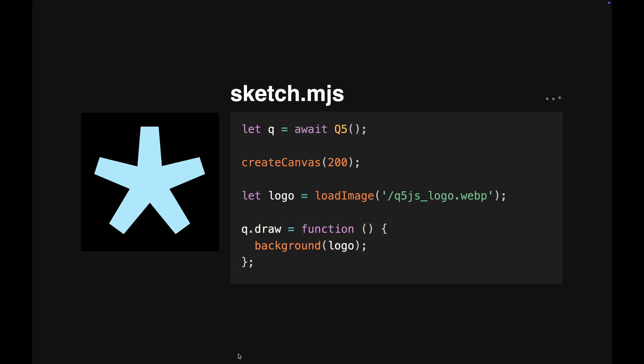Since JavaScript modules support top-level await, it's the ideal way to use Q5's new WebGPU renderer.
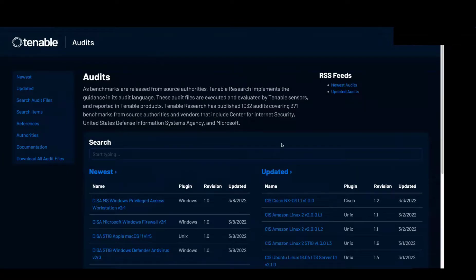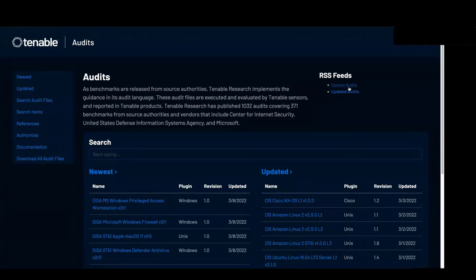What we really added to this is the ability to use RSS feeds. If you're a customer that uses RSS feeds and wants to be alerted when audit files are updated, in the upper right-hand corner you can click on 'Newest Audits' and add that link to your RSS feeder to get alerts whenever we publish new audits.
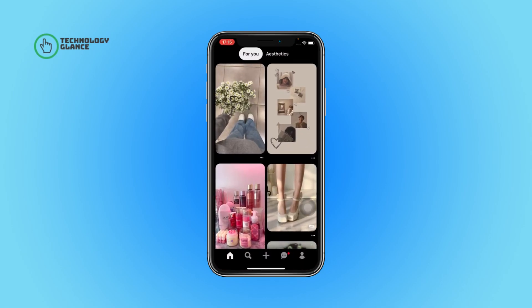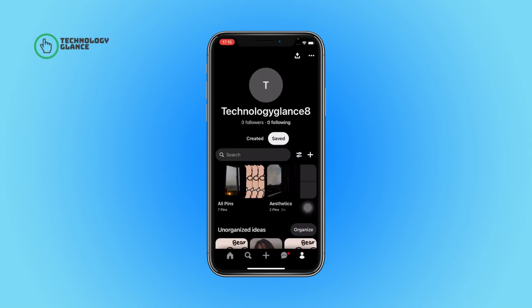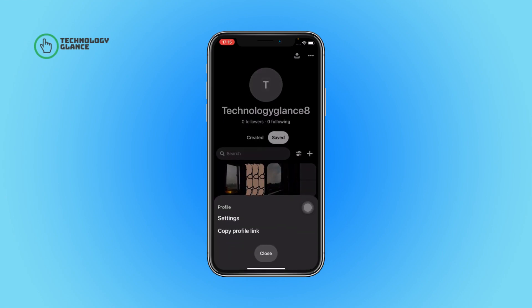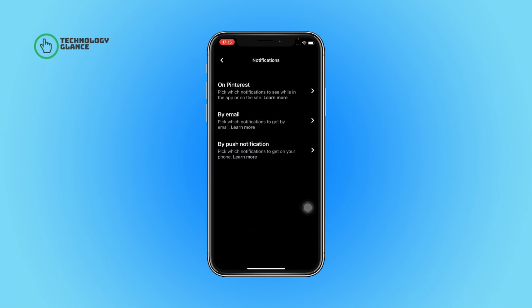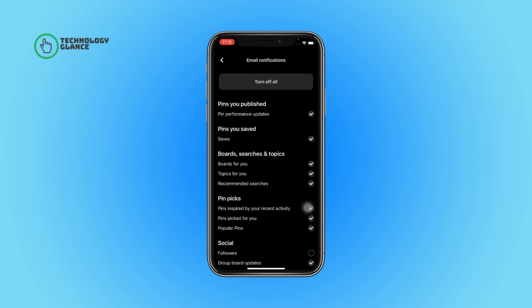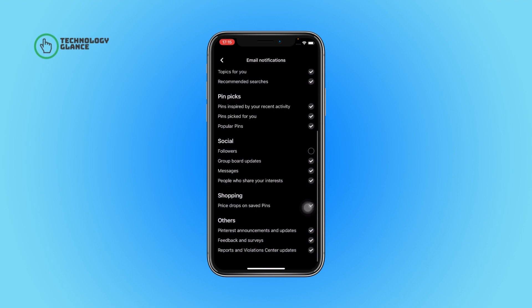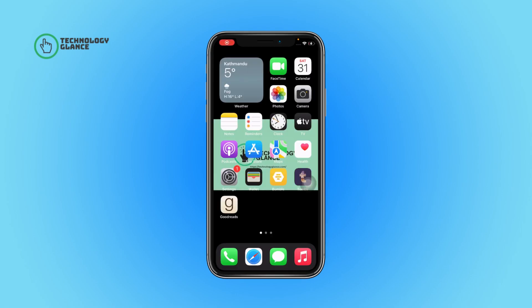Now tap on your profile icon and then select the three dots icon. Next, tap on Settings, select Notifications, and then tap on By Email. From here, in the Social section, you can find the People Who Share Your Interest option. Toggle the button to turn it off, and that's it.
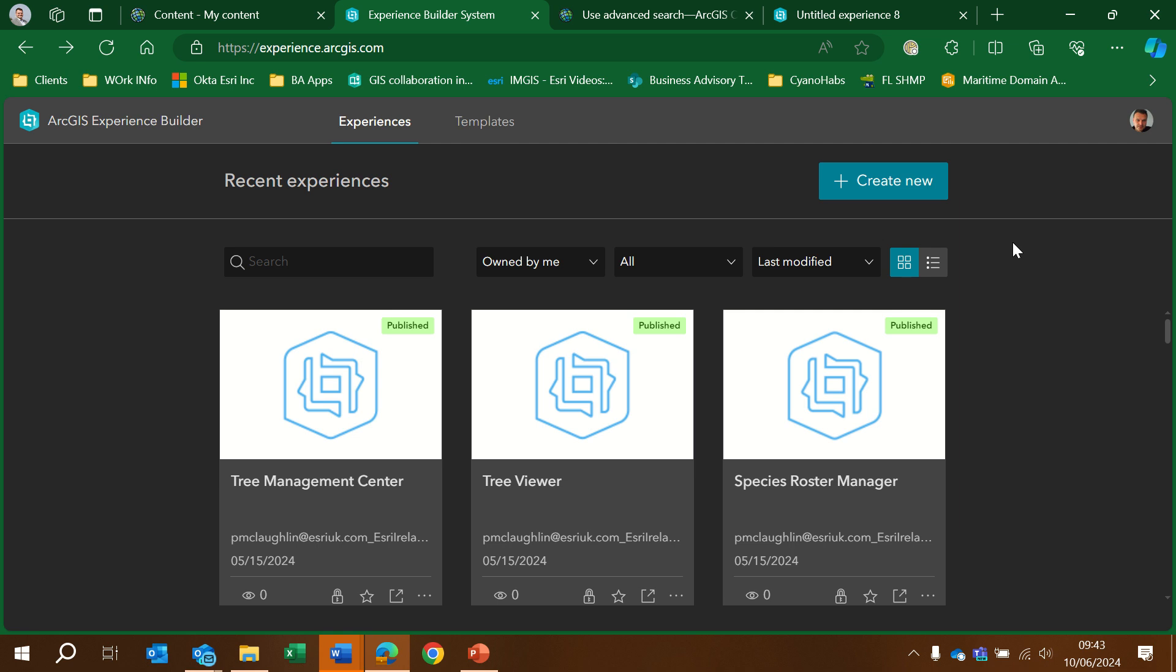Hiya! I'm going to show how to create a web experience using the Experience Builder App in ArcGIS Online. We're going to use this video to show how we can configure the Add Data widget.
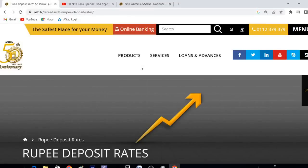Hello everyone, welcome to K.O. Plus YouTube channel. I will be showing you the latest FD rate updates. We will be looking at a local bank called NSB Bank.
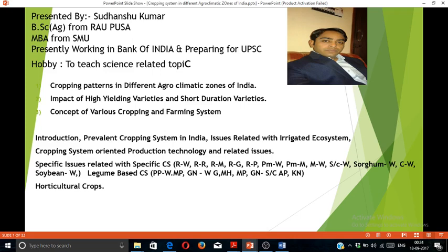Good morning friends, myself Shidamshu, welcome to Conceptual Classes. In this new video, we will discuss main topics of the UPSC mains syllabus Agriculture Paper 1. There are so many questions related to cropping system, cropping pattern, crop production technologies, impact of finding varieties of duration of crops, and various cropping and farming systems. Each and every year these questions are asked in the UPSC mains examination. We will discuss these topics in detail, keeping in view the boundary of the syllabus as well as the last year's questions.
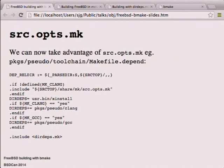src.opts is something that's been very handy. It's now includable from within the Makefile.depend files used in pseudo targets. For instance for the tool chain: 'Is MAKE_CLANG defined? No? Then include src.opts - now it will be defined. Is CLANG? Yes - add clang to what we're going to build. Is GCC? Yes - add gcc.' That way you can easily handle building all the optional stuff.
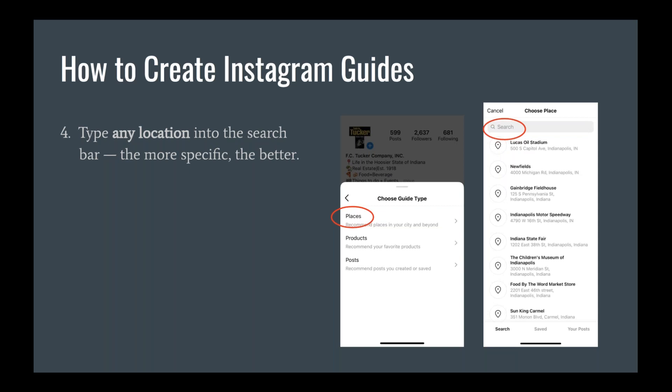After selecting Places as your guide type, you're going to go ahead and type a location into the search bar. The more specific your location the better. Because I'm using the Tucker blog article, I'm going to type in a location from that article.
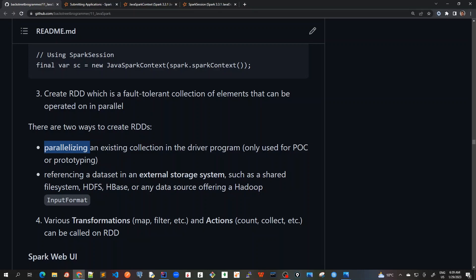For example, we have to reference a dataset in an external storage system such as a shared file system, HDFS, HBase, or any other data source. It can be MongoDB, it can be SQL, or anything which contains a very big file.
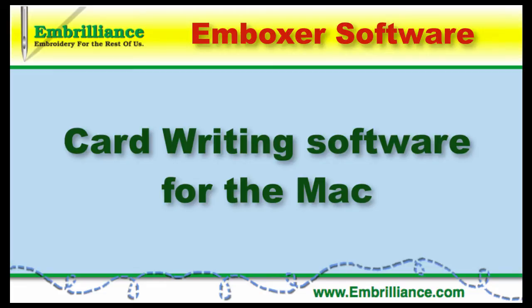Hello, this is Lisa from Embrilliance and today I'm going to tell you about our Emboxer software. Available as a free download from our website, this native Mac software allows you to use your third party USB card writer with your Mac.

----------

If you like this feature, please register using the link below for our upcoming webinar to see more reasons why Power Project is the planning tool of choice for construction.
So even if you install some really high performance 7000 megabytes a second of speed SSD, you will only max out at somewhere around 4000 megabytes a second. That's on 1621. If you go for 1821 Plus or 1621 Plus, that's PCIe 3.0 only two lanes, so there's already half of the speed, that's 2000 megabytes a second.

----------

» **Task description**:
Copy word for word the span of the records above that begins at the line with "Since JavaScript modules" and ends at the line with "Hello everyone, welcome", including those two lines but not the pictures.

» **Written response**:
Since JavaScript modules support top-level await, it's the ideal way to use Q5's new WebGPU renderer.
What we really added to this is the ability to use RSS feeds. If you're a customer that uses RSS feeds and wants to be alerted when audit files are updated, in the upper right-hand corner you can click on 'Newest Audits' and add that link to your RSS feeder to get alerts whenever we publish new audits.
Now tap on your profile icon and then select the three dots icon. Next, tap on Settings, select Notifications, and then tap on By Email. From here, in the Social section, you can find the People Who Share Your Interest option. Toggle the button to turn it off, and that's it.
Hiya! I'm going to show how to create a web experience using the Experience Builder App in ArcGIS Online. We're going to use this video to show how we can configure the Add Data widget.
Hello everyone, welcome to K.O. Plus YouTube channel. I will be showing you the latest FD rate updates. We will be looking at a local bank called NSB Bank.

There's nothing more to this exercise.